Mattheüs 3:7
Adderengebroed Mt 03-07,08
Johannes is niet een man van ‘zoete broodjes bakken’. Behalve oprechte Joden die erkenden gezondigd te hebben en zich door Johannes lieten dopen, kwamen er ook Farizeeën en Sadduceeën naar hem toe. Die wilden wel eens zien wat die profeet daar in de woestijn ban Judea eigenlijk waard was. Ze zouden wel eens even controleren of dat wel klopte met die doperij. Nou die krijgen een warme ontvangst! Johannes kent ze en nog voordat ze een woord hebben gezegd worden ze door hem verwelkomd als “adderengebroed”.

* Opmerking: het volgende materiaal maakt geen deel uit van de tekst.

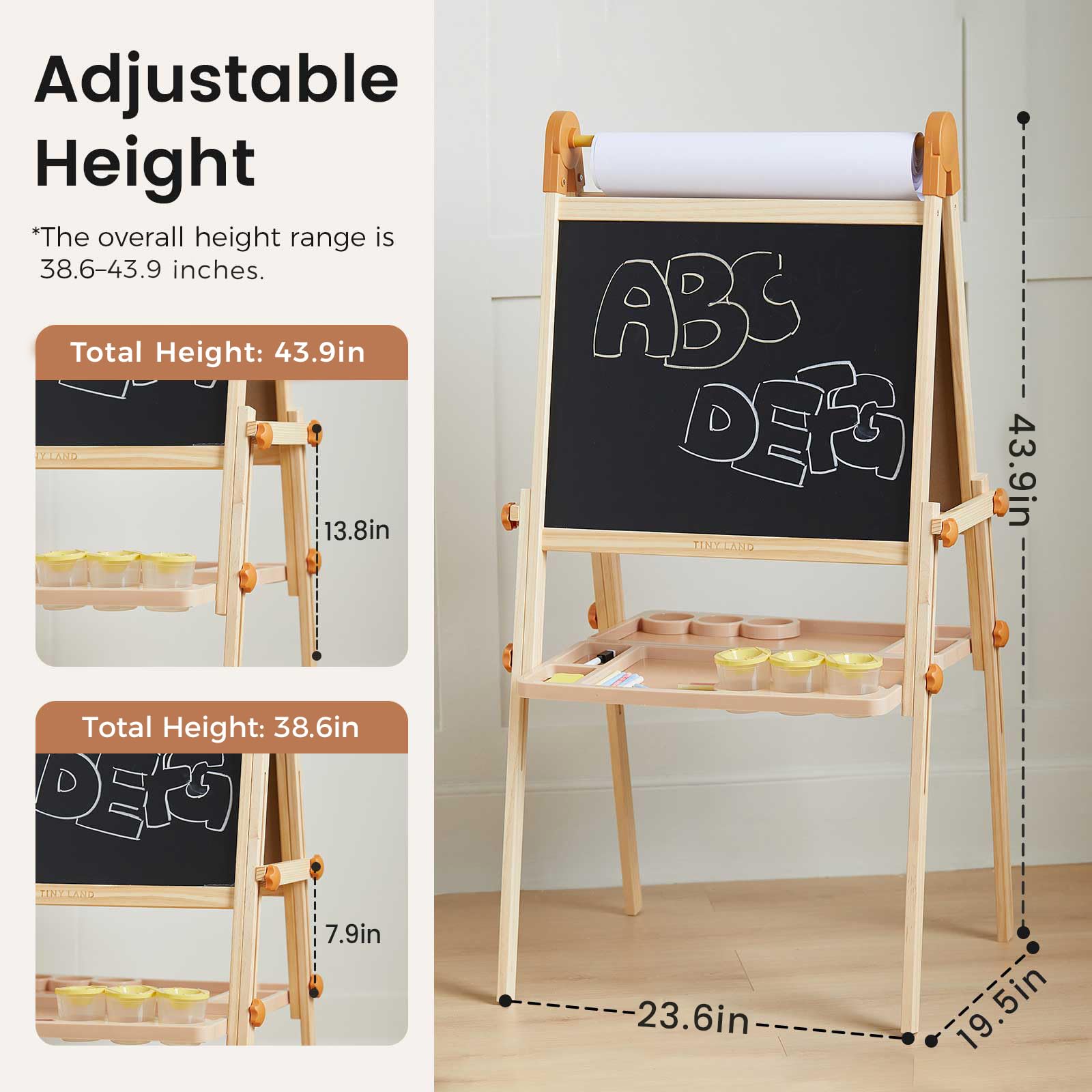 Double-Sided Magnetic Wooden Kids Art Easel with Paper Roll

De Farizeeën en Sadduceeën vertegenwoordigden twee leidinggevende groepen onder Israël. Het waren twee scholen of sekten die in hun opvattingen eigenlijk lijnrecht tegenover elkaar stonden. Maar in hun afwijzing van de boodschap van God gaan ze hand in hand. Welnu, Johannes heeft dan ook maar één betiteling voor beide. of men nu orthodox is als een Farizeeër of wat vrijer van opvatting zoals de Sadduceeër, wat maakt dat voor verschil als men meent geen bekering nodig te hebben?
De komende toorn
Johannes laat het niet alleen bij deze betiteling die aangeeft hoe schijnheilig en vergiftigd ze eigenlijk zijn. Hij vervolgt: “Wie heeft u een wenk gegeven om de komende toorn te ontgaan?”.

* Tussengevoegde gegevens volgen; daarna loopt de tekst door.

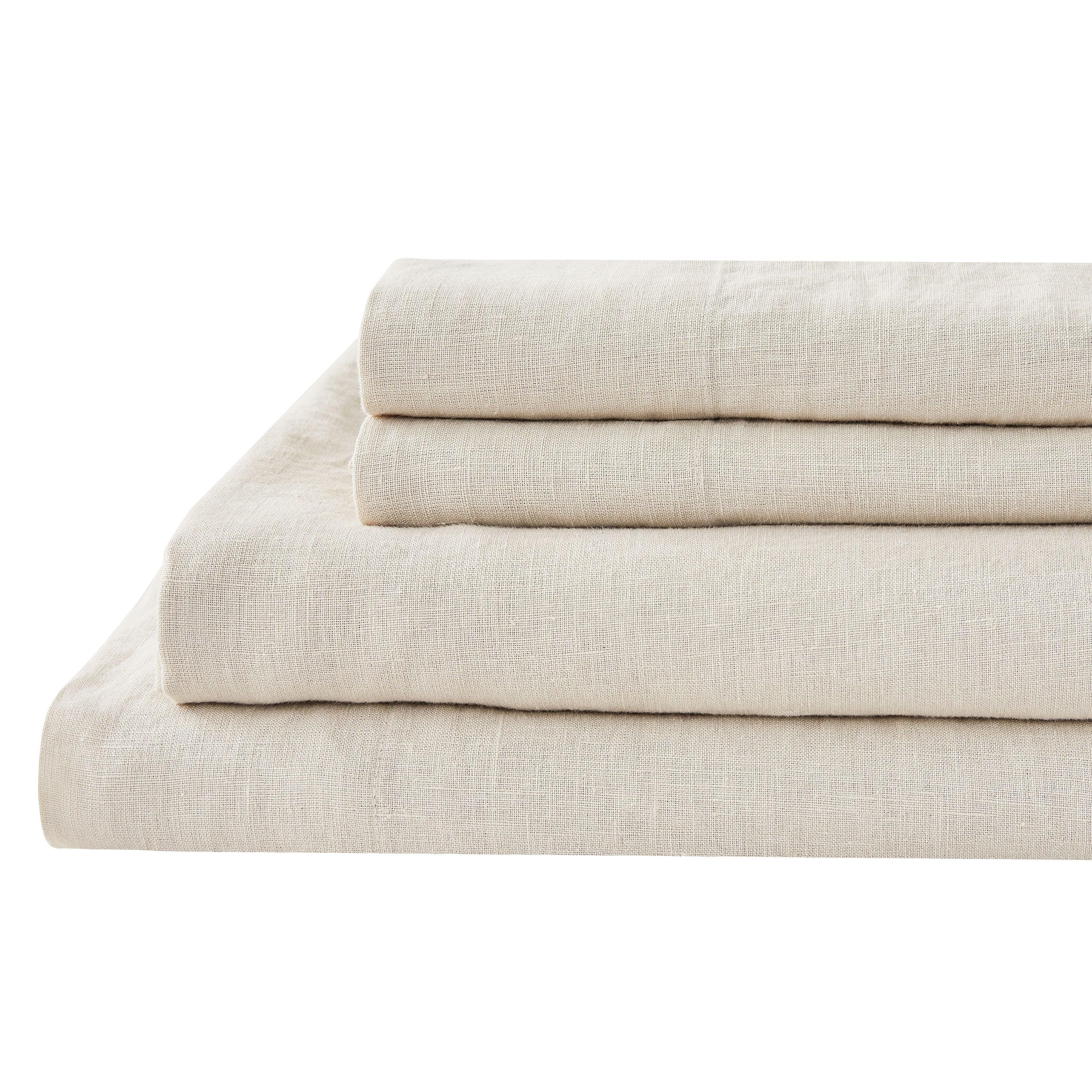 100% Linen Sheet Set, angled view - House Of Avana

Voor Israël als volk, zou de toorn van God komen. Men kan de genade van God niet ongestraft afwijzen. Paulus zegt van de Joden:
“die zelfs de Here Jezus en de profeten gedood en ons tot het uiterste vervolgd hebben, die God niet behagen en tegen alle mensen ingaan, daar zijn ons verhinderen tot de heidenen te spreken tot hun behoud, waardoor zij te allen tijde de maat hunner zonden volmaken. De toorn is over hen gekomen tot het einde” (1 Thess.2:15,16).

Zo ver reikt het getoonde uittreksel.